*** Provided material Section Begins ***

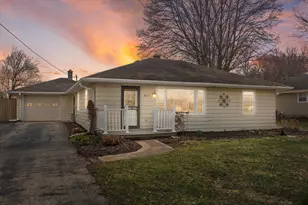 307 Hill St, Hartland, WI 53029 - Photo 1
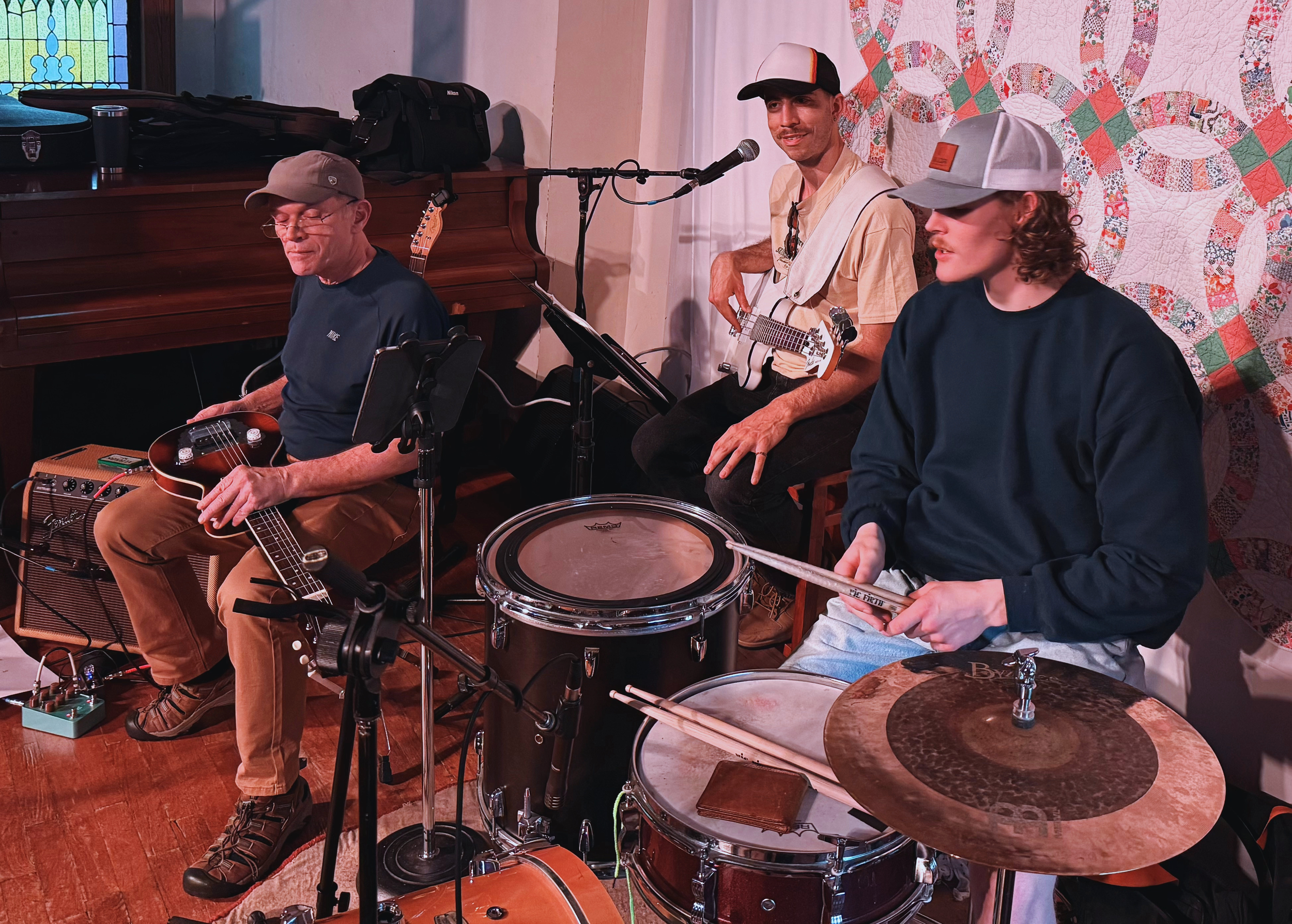 Tennessee Sheiks performing live.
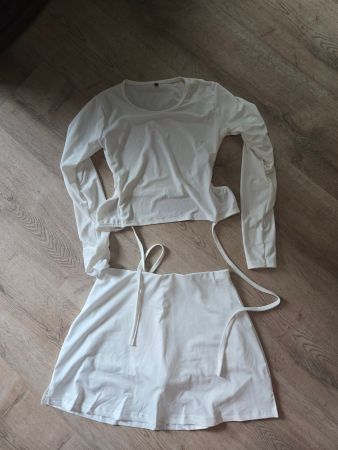 Weisses Sport Set, Oberteil mit Rock, Grösse 36/S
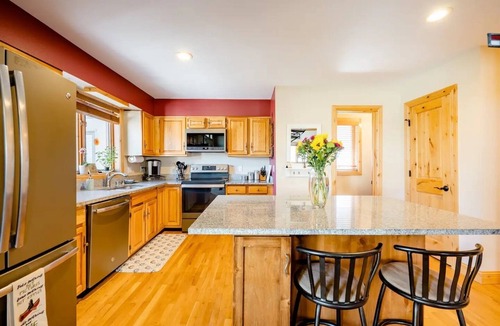 Eagle-Vail House | Beautiful 3-bedroom townhome in Avon perfect for your getaway
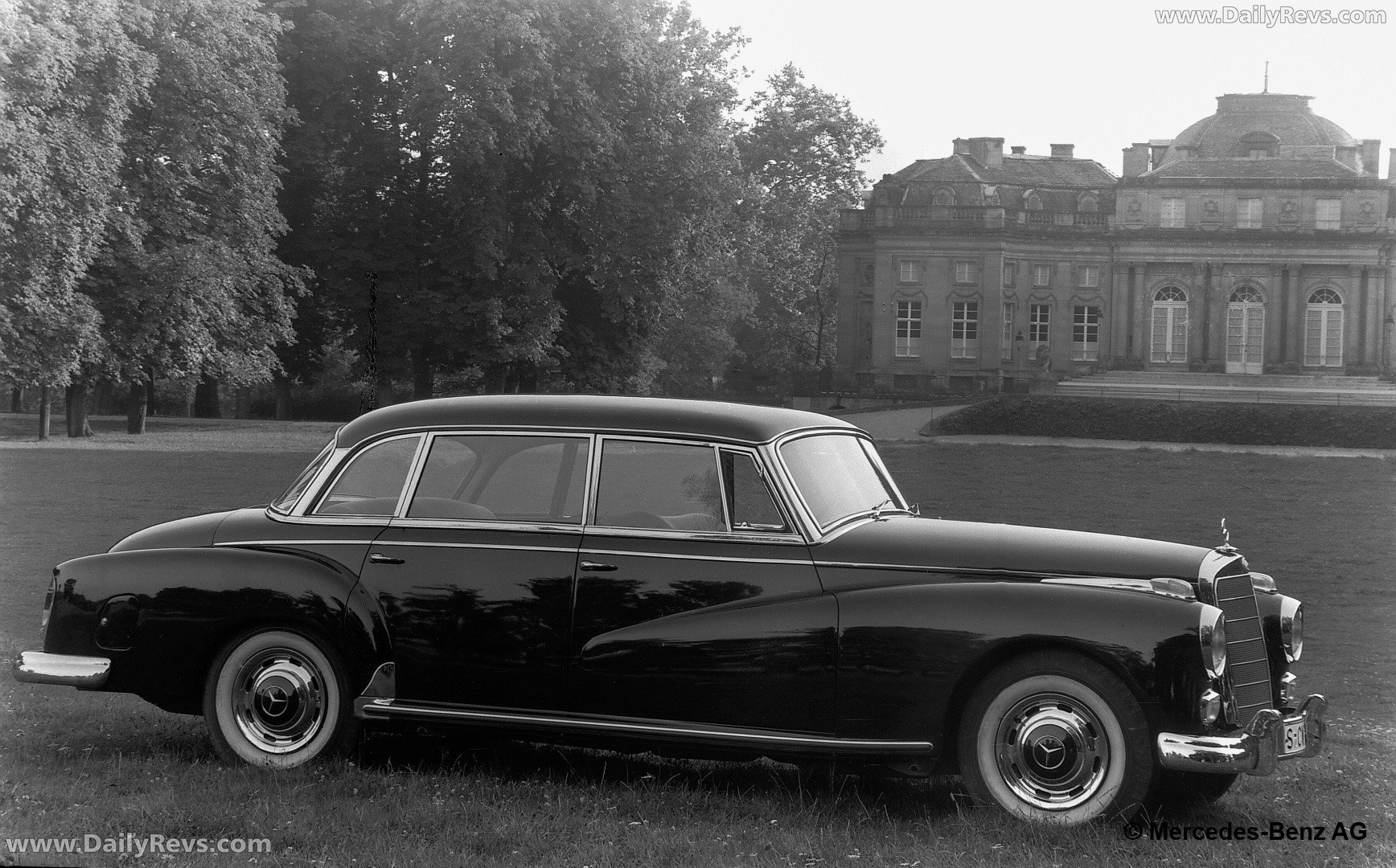1959 Mercedes-Benz 300d W189 Front View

*** Provided material Section Ends ***

Exercise directions — Up to and including the last line of the listing, starting at the line with "Weisses Sport Set, Oberteil", extract every line exactly and leave out the pictures.

Answer box —
 Weisses Sport Set, Oberteil mit Rock, Grösse 36/S
 Eagle-Vail House | Beautiful 3-bedroom townhome in Avon perfect for your getaway
1959 Mercedes-Benz 300d W189 Front View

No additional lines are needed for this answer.